What you need to do -> Only the lines from the beginning of the data through the line holding "Bürofläche im Bahnhofsgebäude Holzkirchen" belong in the answer, printed exactly and without pictures.

Information supplied ->
***

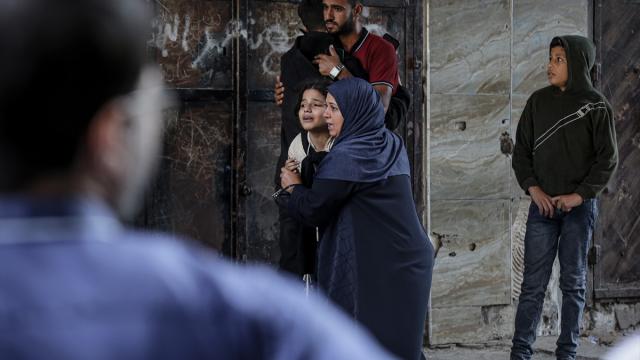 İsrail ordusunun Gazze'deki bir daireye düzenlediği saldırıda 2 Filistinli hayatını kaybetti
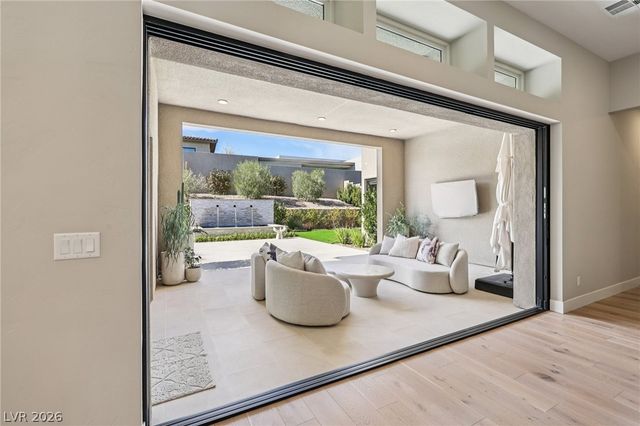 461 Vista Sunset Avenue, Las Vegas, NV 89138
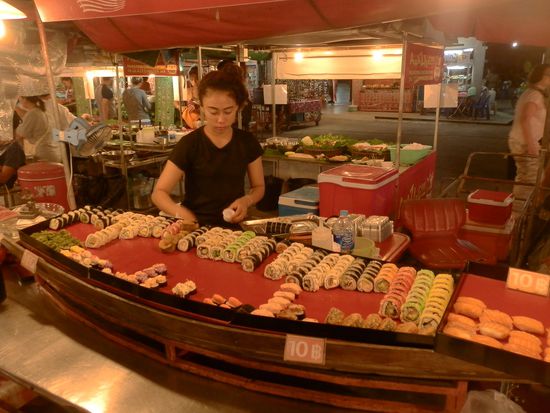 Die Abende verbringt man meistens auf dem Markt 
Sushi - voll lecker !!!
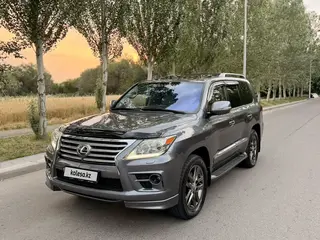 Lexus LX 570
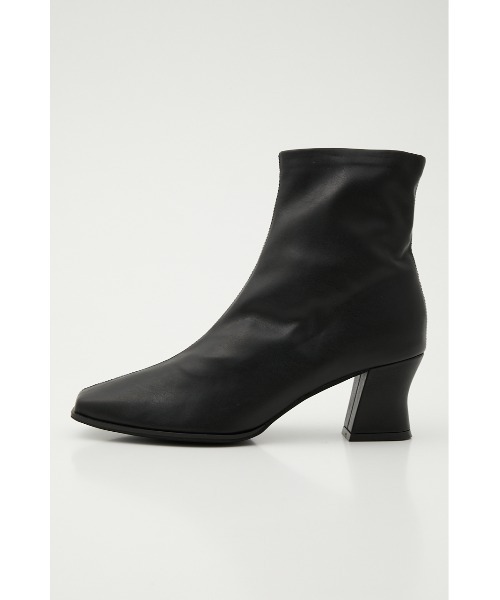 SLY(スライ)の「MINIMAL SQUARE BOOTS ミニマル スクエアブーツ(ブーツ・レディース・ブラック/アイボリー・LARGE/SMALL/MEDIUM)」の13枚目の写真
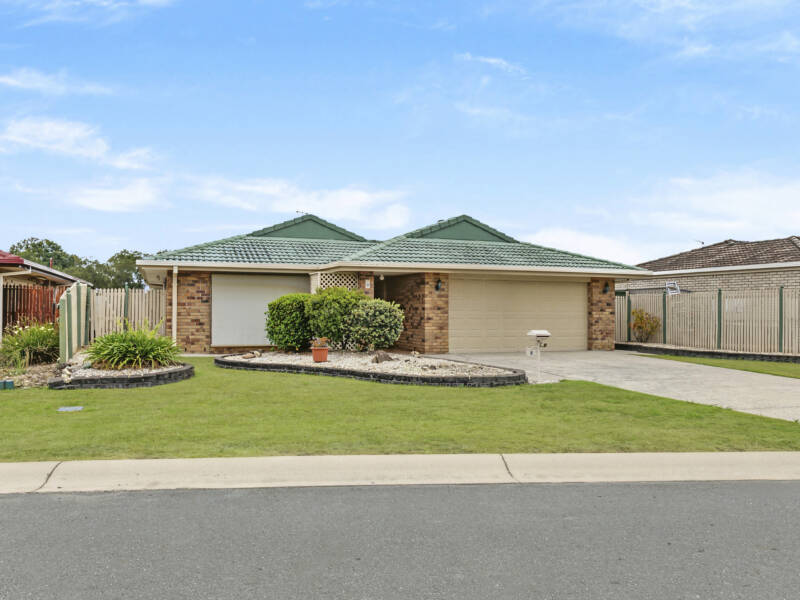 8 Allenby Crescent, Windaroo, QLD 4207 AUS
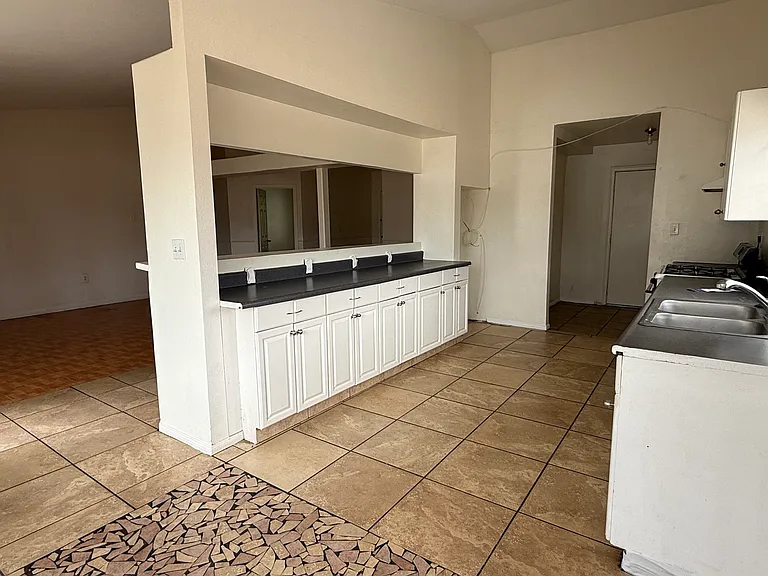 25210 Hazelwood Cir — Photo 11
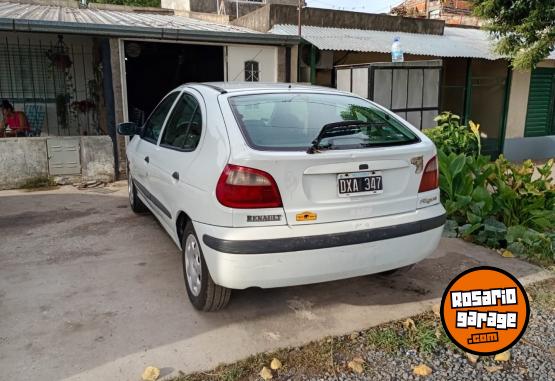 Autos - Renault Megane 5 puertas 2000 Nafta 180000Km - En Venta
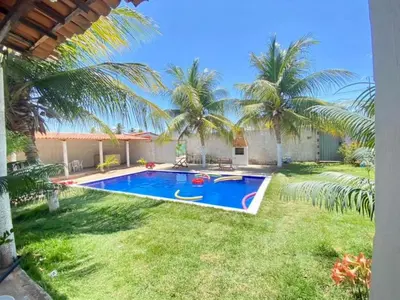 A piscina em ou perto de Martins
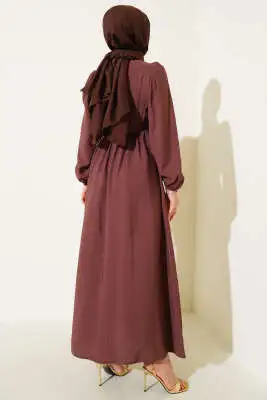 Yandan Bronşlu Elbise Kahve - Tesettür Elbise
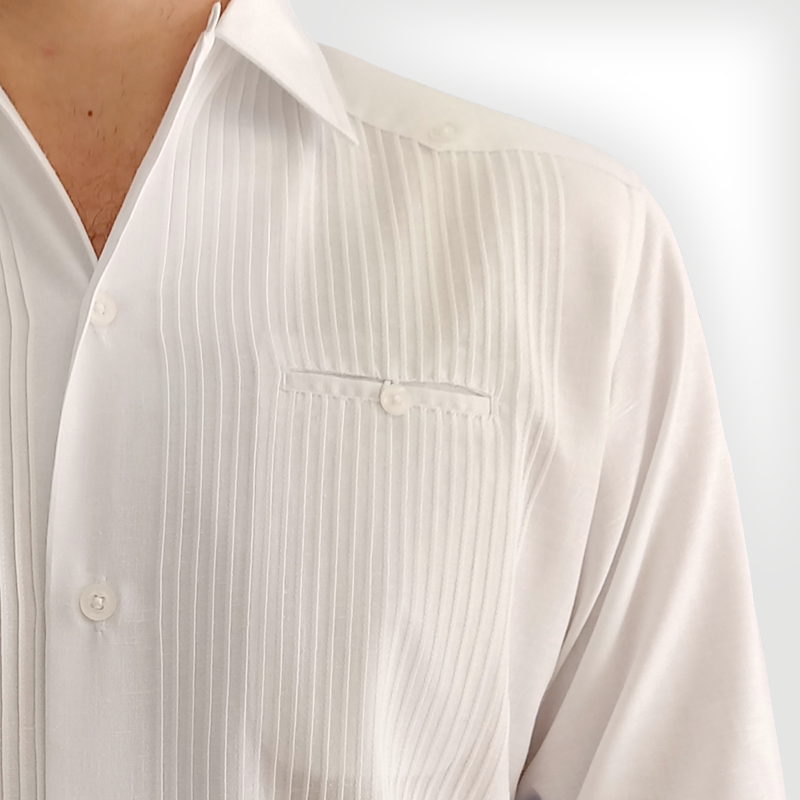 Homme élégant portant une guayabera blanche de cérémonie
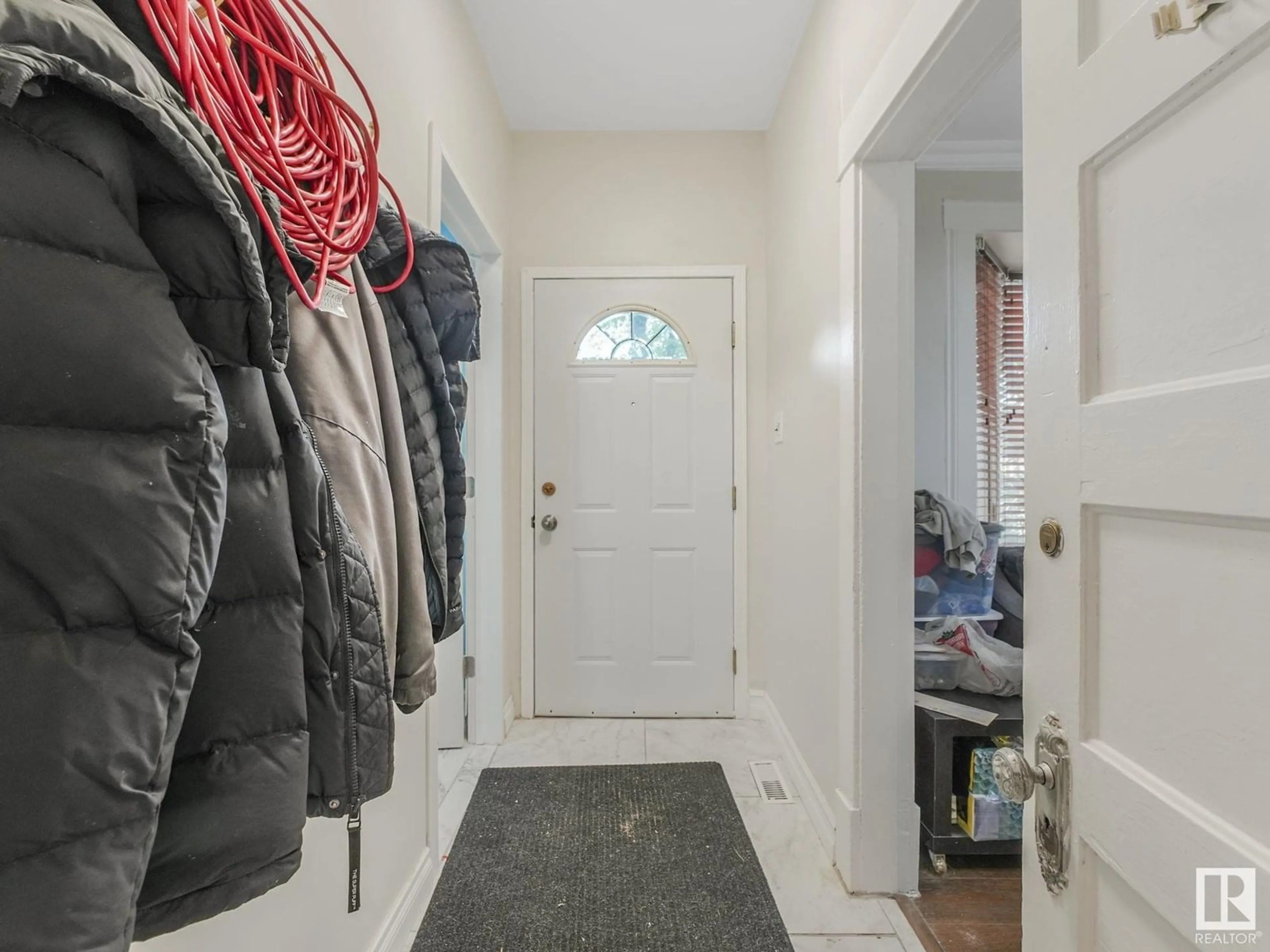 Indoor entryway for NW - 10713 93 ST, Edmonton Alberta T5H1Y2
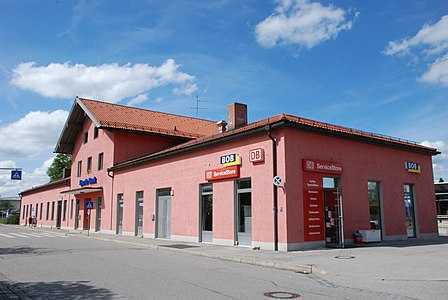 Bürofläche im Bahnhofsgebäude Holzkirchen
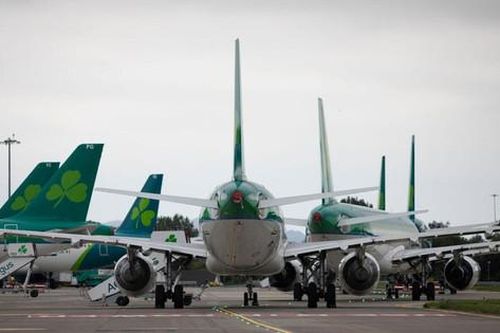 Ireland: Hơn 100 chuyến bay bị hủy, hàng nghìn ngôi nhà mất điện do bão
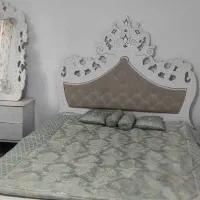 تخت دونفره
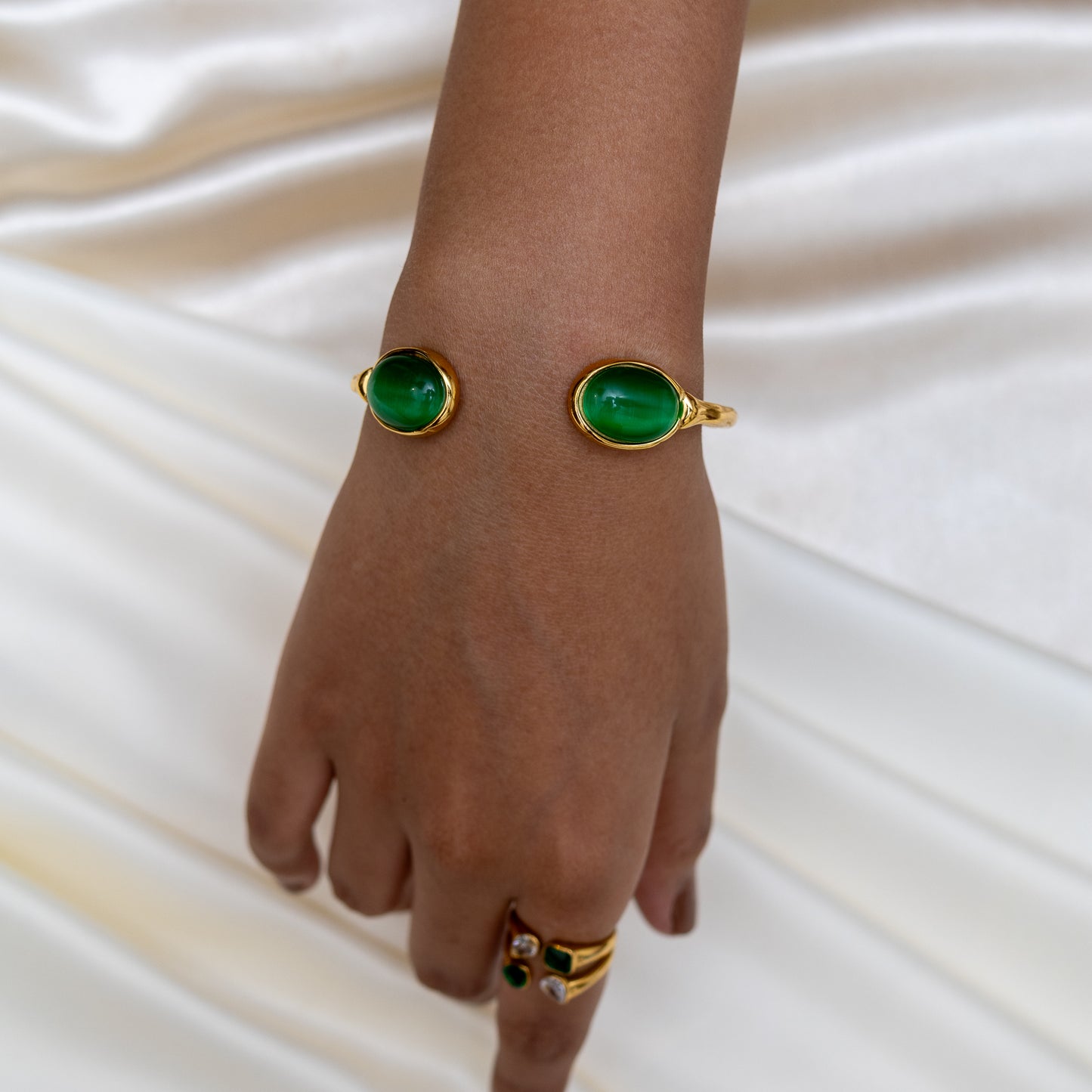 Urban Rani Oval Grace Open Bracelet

***

Answer section ->
 İsrail ordusunun Gazze'deki bir daireye düzenlediği saldırıda 2 Filistinli hayatını kaybetti
 461 Vista Sunset Avenue, Las Vegas, NV 89138
 Die Abende verbringt man meistens auf dem Markt 
Sushi - voll lecker !!!
 Lexus LX 570
 SLY(スライ)の「MINIMAL SQUARE BOOTS ミニマル スクエアブーツ(ブーツ・レディース・ブラック/アイボリー・LARGE/SMALL/MEDIUM)」の13枚目の写真
 8 Allenby Crescent, Windaroo, QLD 4207 AUS
 25210 Hazelwood Cir — Photo 11
 Autos - Renault Megane 5 puertas 2000 Nafta 180000Km - En Venta
 A piscina em ou perto de Martins
 Yandan Bronşlu Elbise Kahve - Tesettür Elbise
 Homme élégant portant une guayabera blanche de cérémonie
 Indoor entryway for NW - 10713 93 ST, Edmonton Alberta T5H1Y2
 Bürofläche im Bahnhofsgebäude Holzkirchen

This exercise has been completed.